Week 19: The 2019 Voting with My Dollar Project
It’s that time of year, when my gardening dreams take flight and I imagine myself homesteading my way to produce victory, with edible flowers garnishing every bespoke dish I conjure from the ingredients in my garden. This is what you might call “magical thinking.”
Last year was my first attempt at gardening. I took the “safe route” and planted starts from a local greenhouse. The greatest successes were the kale and zucchini — two garden bullies I have chosen to banish this year. This time, I decided to plant seeds. Cheaper, right? Well, not when you add in the expensive manure, fertilizer, and soil testing at the UVM lab. In fact, I’m not even sure if I technically break even on gardening, but the experience of doing it is priceless.
This week, I went to a free gardening 101 at the Retreat Farm — one of the best resources we have in the Brattleboro Area and a place you should definitely have a membership to, if you have local kids. Several “master gardeners” were on hand to answer questions and coax us gardening newbies into action.
I came home with a gridded sheet of paper and a conviction to plan out my square footage. My garden is very small. Well, technically I have two plots in my yard, but for whatever whimsical reason I decided this year that one of them would be entirely for edible flowers and sunflowers. The other — the vegetable garden — is only about 5’ x 10’. So I have to be choosy about what I plant.
Gardening is an apt avocation for a person like me who loves to plan, chart, organize, and track — but also get her hands dirty. In college, all those years ago, I co-majored in pottery, and in some ways, gardening reminds me of the tactile sensation of clay in my hands. Gardening and pottery also share in common a loosening of one’s commitment to controlled outcomes.
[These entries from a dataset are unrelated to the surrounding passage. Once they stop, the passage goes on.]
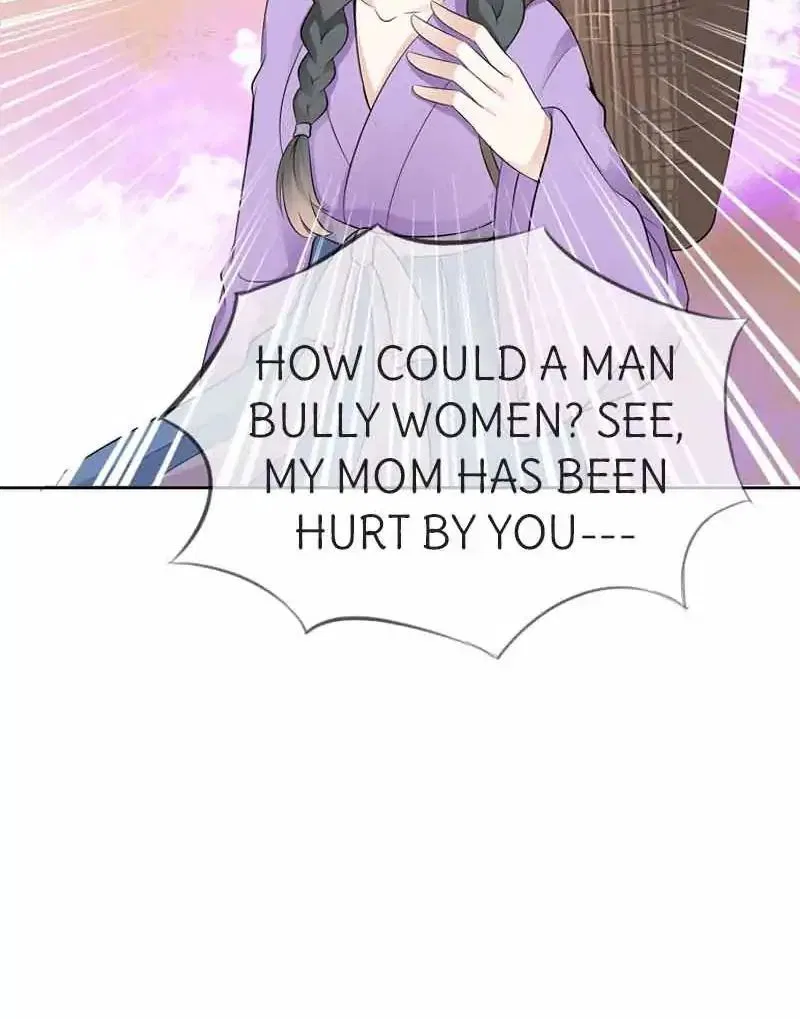 Young Hot Lady From The Village Chapter 35 – Page 60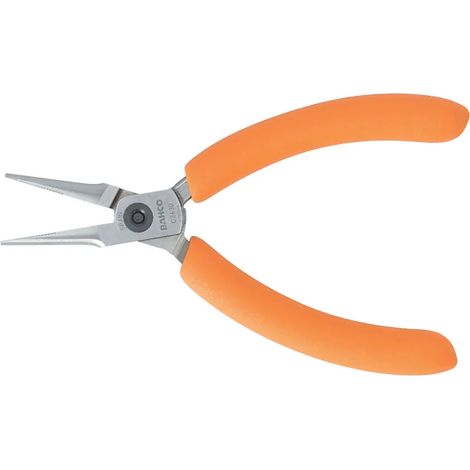 Pinza Bahco C3630 precisione acciaio 130 mm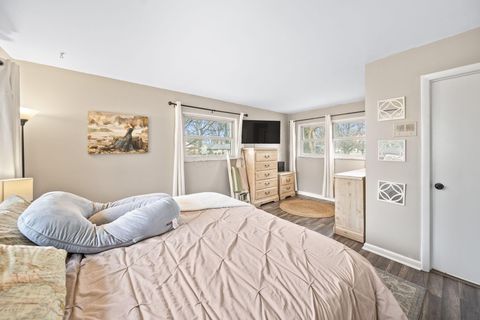 Tiny photo for 3227 Minerva Lake Road, Columbus, OH 43231 (MLS # 226006397)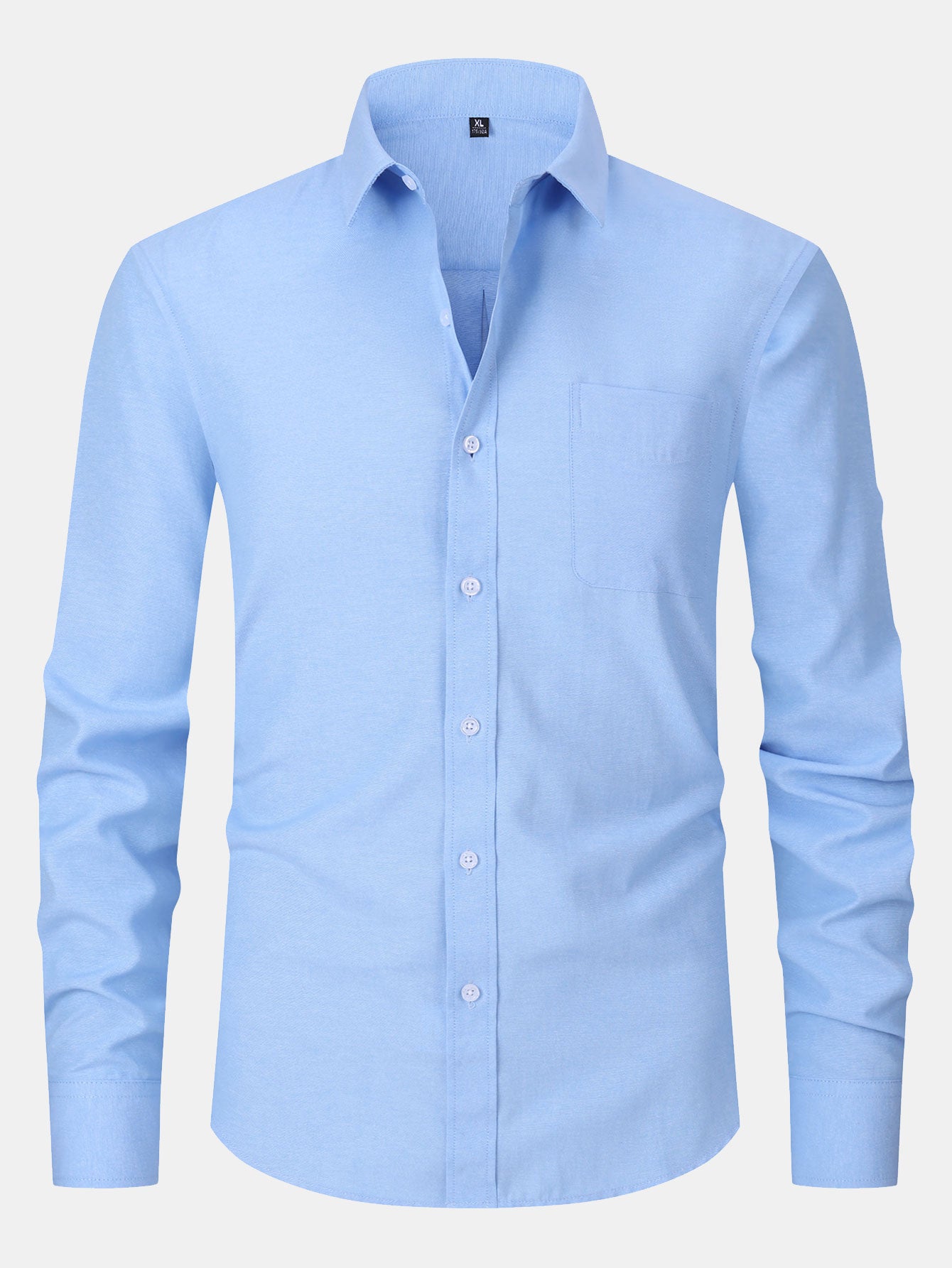 Lightblue / XS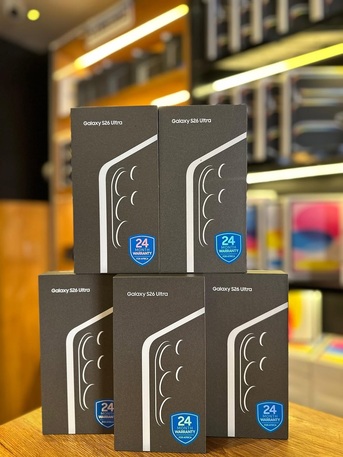 Paris, Wholesale Products, WWW.WHOLESALETECHZ.COM New, Xiaomi Poco X8 Pro Max, Samsung S26 Ultra, Samsung A17, A16,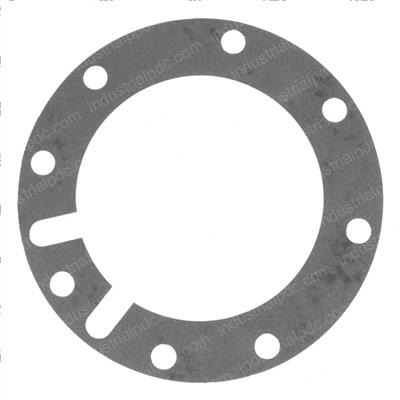 Picture of Gasket
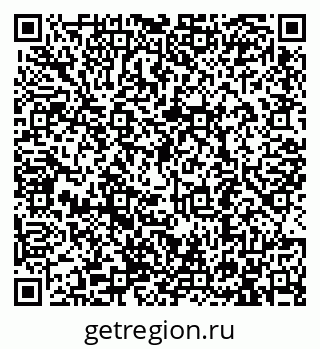 79913290464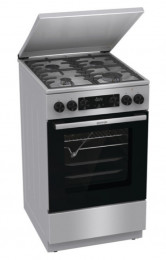 GORENJE GKS 5C71 XF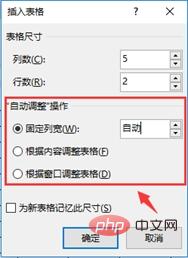 실용적인 단어 기술 공유: 즉시 학습하고 사용할 수 있는 단어 정리 방법 6가지!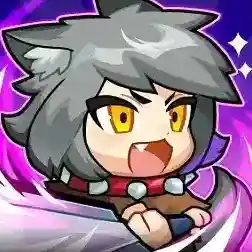 狼少女兰吉官方最新版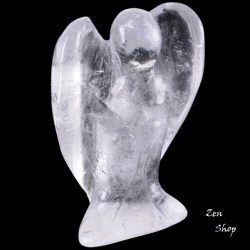 Μικρός Άγγελος από Χαλαζία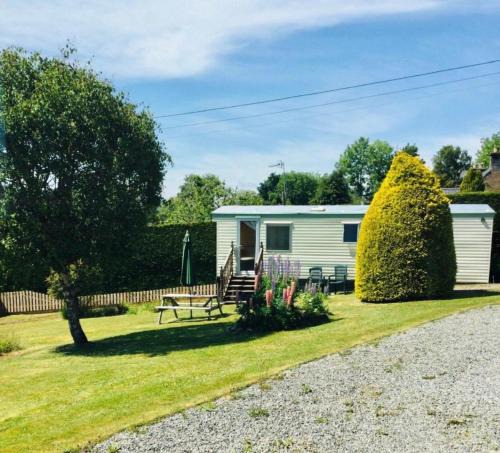 Balnain House | Forest View - Adults Only - Maximum 2 Guests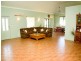 1 Water Street, Goombungee QLD 4354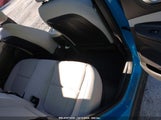 HYUNDAI KONA SEL KM8K3CAB0PU961794 снимка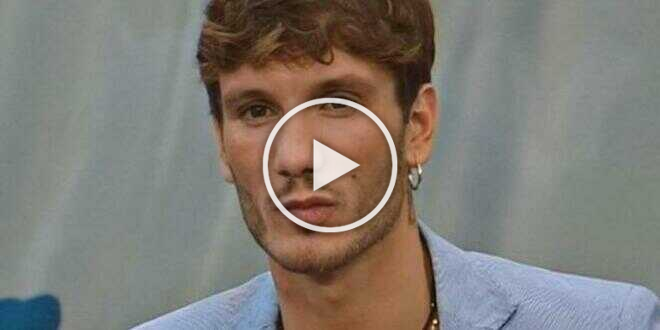 Manuel Bortuzzo blocca una ragazza invalida: lei lo sbugiarda pubblicamente
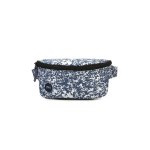 Sac banane slim bum bag mi - pac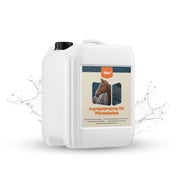 nimo Imprägnierspray für Pferdedecken 10 l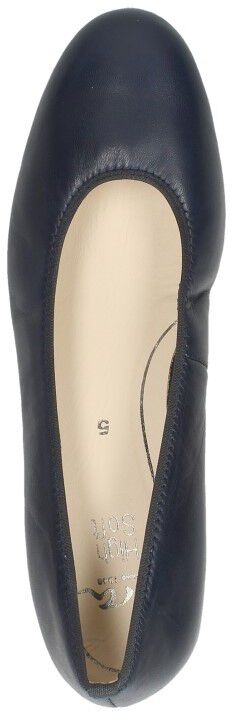Ara Vicenza Highsoft blauw
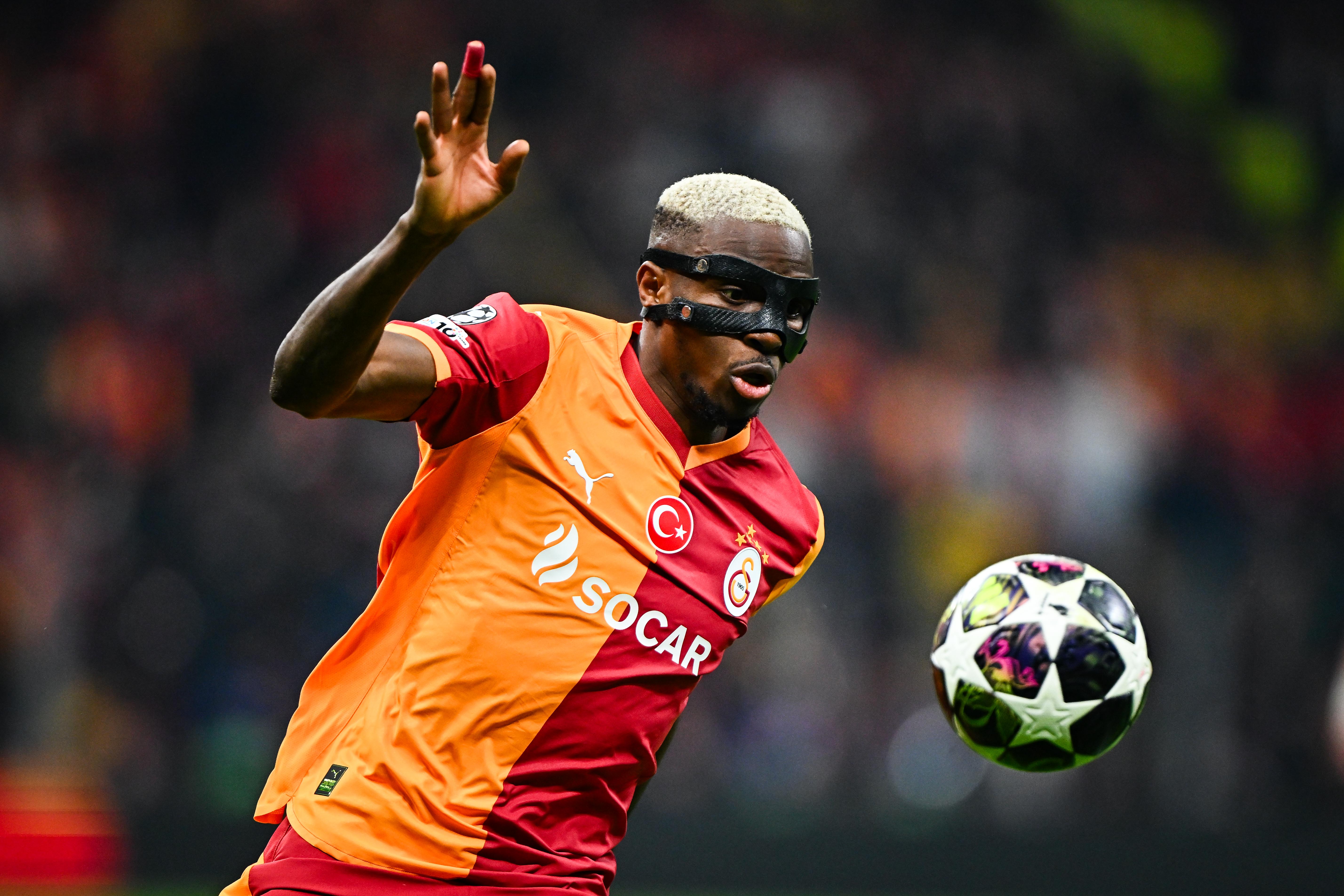 aa-20260310-40787197-40787191-galatasaray-liverpool.jpg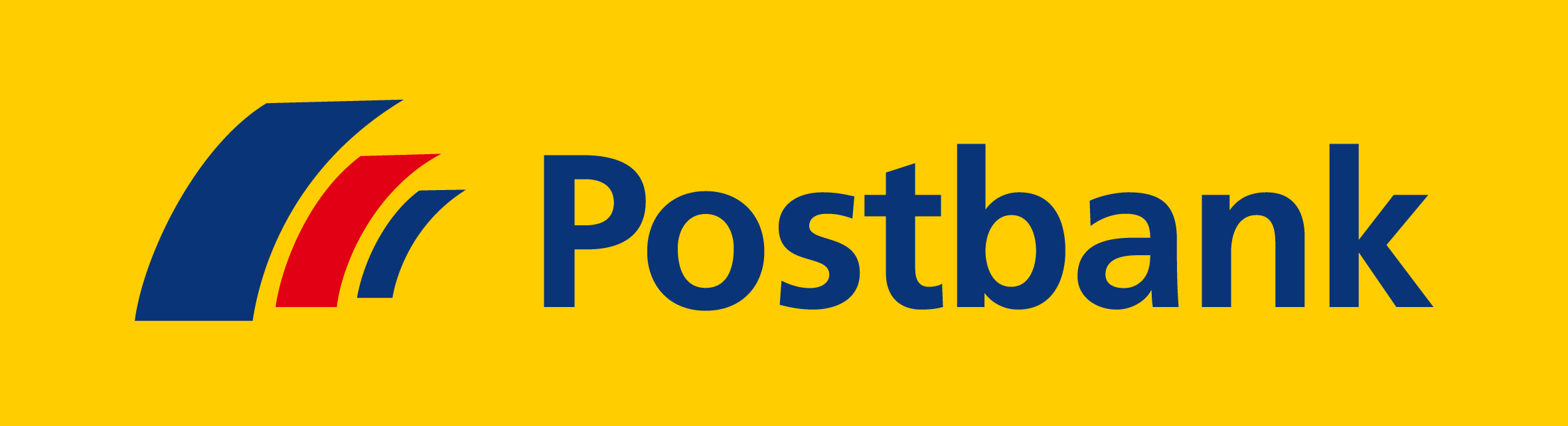 Postbank Sparplan-Aktionsempfehlung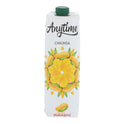 SHAKARGANJ ANYTIME ROYAL CHAUNSA JUICE 1 LTR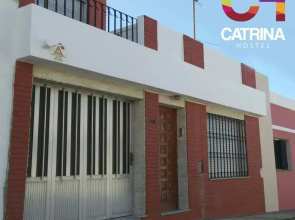 Catrina Hostel
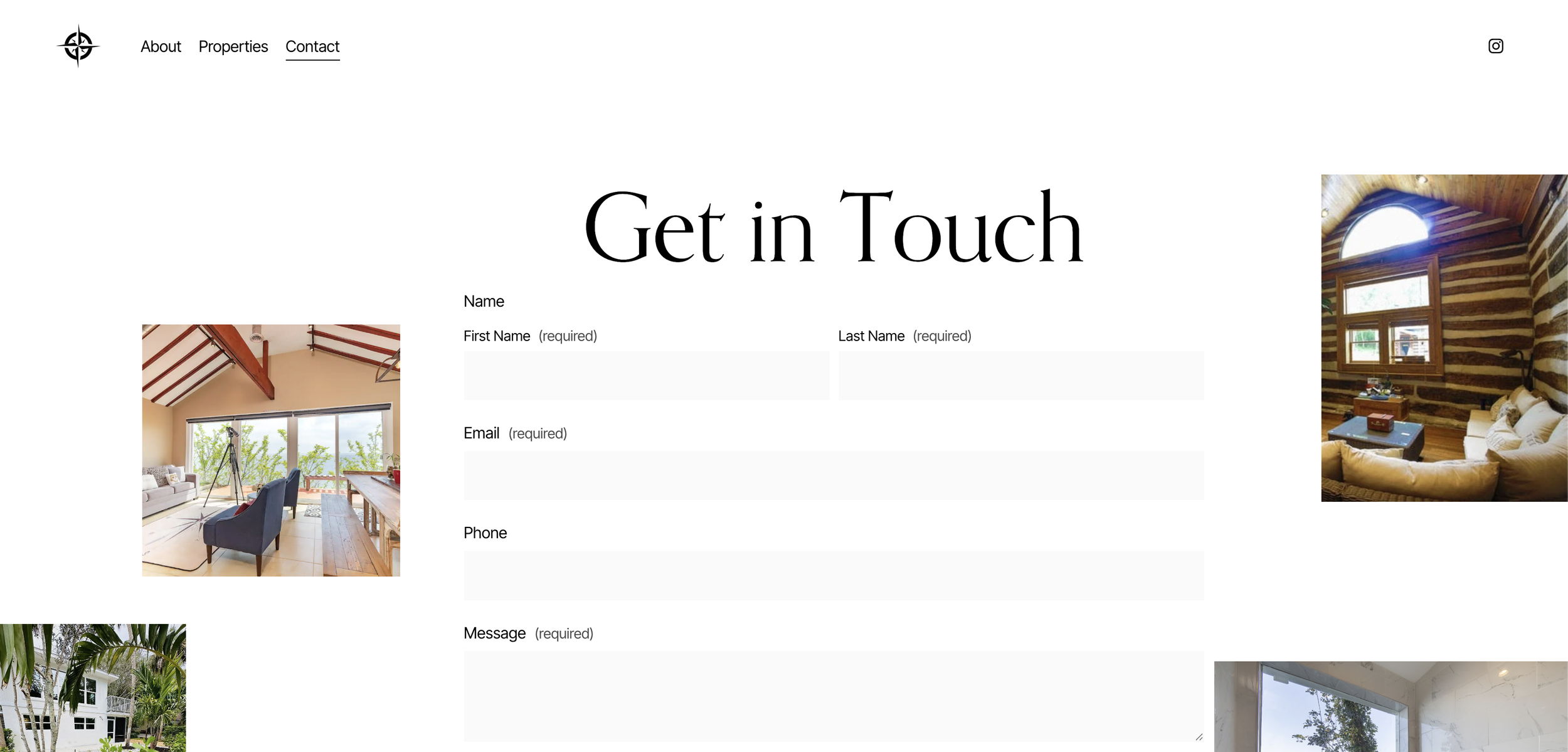 Screen Shot 2026-02-17 at 2.20.17 PM.png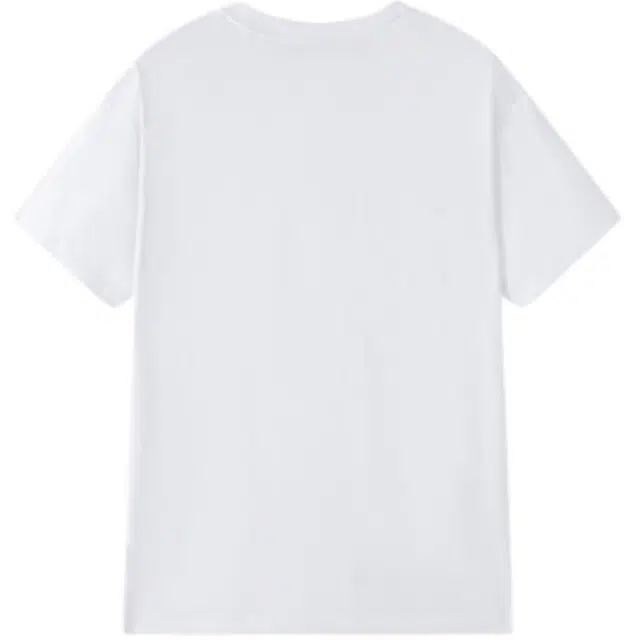 KARL LAGERFELD SS25 T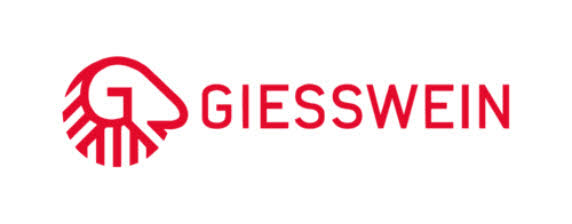 Giesswein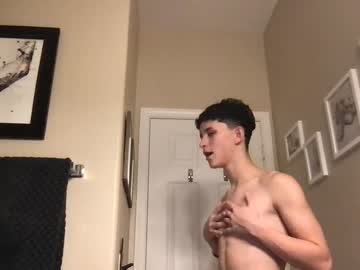 man sebastianerosxxx image #5734086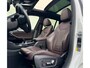 BMW iX3 High Exe 80 kWh Org NL Pano Head up SOH 98% HK 360 Cam Mem seats Apple Dodehoek detectie Lane assist Sfeerverlichting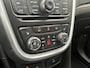 Opel Mokka 1.4 T 140PK Navi,Clima,Cruise,Isofix,Bluetooth,ElektrRamenV+A,ElektrSpiegels,StoelVerw,Lmv,PdcV+A,Multi-Stuur,Dakr.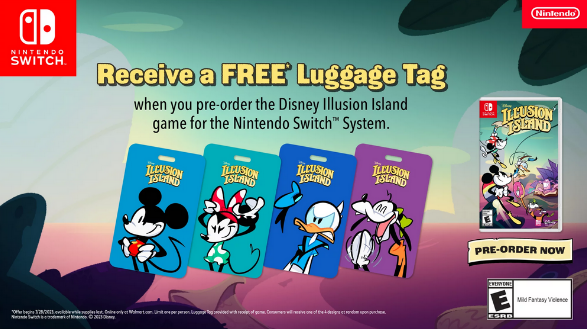 disney-illusion-island-pre-pedido.png disney-illusion-island-pre-pedido.png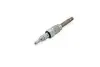 HELLA FIAT свічка розжарювання Bravo,Marea,Punto,Alfa Romeo 145/146/147,156,Lancia 1.9/2.4JTD 97- BHS (Behr Hella Service) 8EG008498781 (фото 1)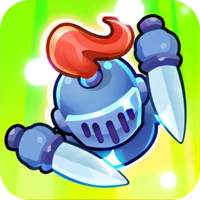 无尽守护-无尽守护v1.0.3安卓版APP下载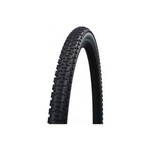 Schwalbe G-One Ultrabite 50-622 28x2.00 TLE Evolution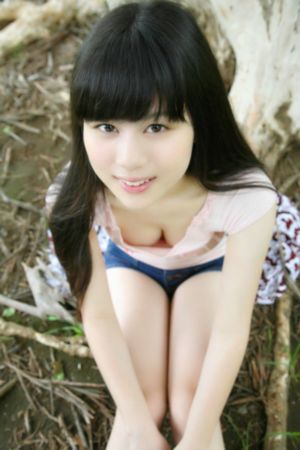 欧美无限资源_最新国语全集在线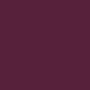 03 PLUM 1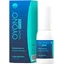 Oyono Night Intense spray 25 ml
You can do your very best, and then just see what happens.
Stay tuned.
What I’m eating:
Anything the farmers market wants to give me, now that the summer market is finally open.
What I’m watching:
Still, Game of Thrones! (Okay fine, and Queer Eye.)
What I’m reading:
Three stories about parenting that I really loved and related to at a high frequency:
What I’m listening to:
The Dinopocalypse Redux episode of Radiolab on the demise of the dinosaurs is totally bananas and absolutely terrifying.
What I’m working on:
An ebook about Lyft and the era of rideshare, new web copy for an AI client about to revolutionize the world with what they call “operational AI,” and a revised paper on cloud content management in these digital days.